▶ Source data
◆ ◆ ◆
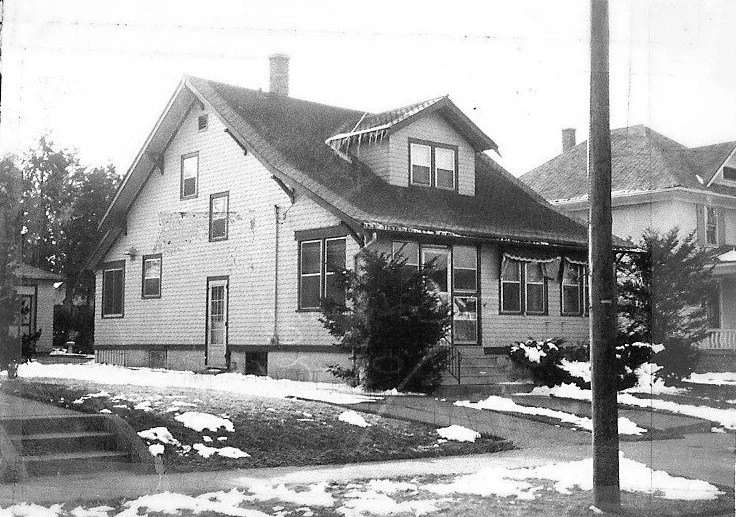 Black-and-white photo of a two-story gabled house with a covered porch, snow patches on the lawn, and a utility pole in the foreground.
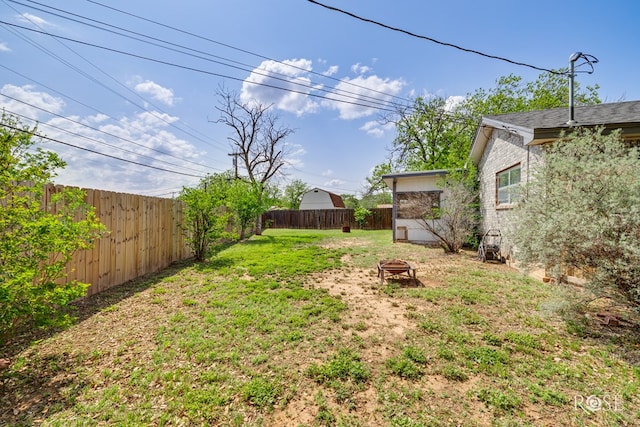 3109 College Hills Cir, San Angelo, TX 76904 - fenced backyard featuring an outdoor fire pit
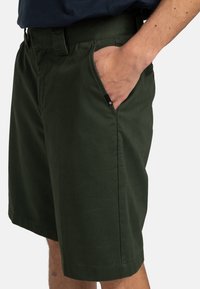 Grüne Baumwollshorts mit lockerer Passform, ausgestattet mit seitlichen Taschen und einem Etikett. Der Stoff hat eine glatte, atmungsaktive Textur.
◆ ◆ ◆
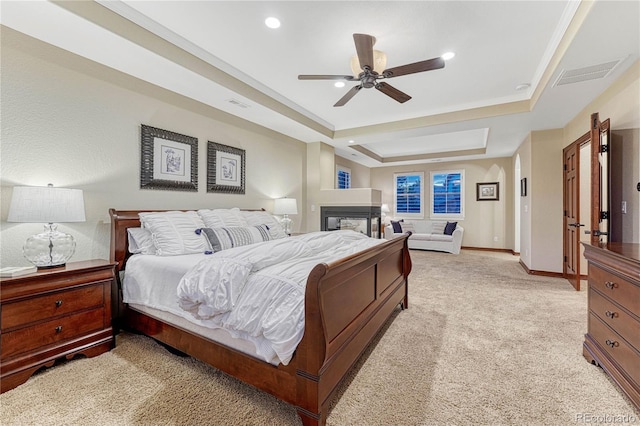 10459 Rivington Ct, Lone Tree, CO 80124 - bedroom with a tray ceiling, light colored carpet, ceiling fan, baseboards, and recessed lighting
◆ ◆ ◆
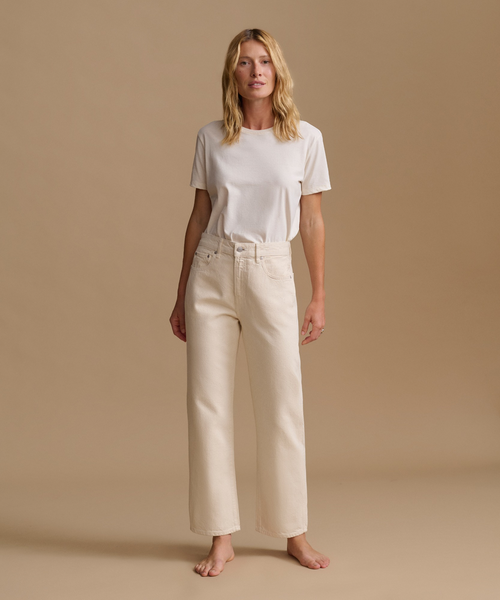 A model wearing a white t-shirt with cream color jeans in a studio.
◆ ◆ ◆
▶ Action item
Your copy should hold only the lines above from the one containing "3109 College Hills" through the one containing "Grüne Baumwollshorts mit", exactly as written and free of pictures.

▶ Solved problem
 3109 College Hills Cir, San Angelo, TX 76904 - fenced backyard featuring an outdoor fire pit
 Grüne Baumwollshorts mit lockerer Passform, ausgestattet mit seitlichen Taschen und einem Etikett. Der Stoff hat eine glatte, atmungsaktive Textur.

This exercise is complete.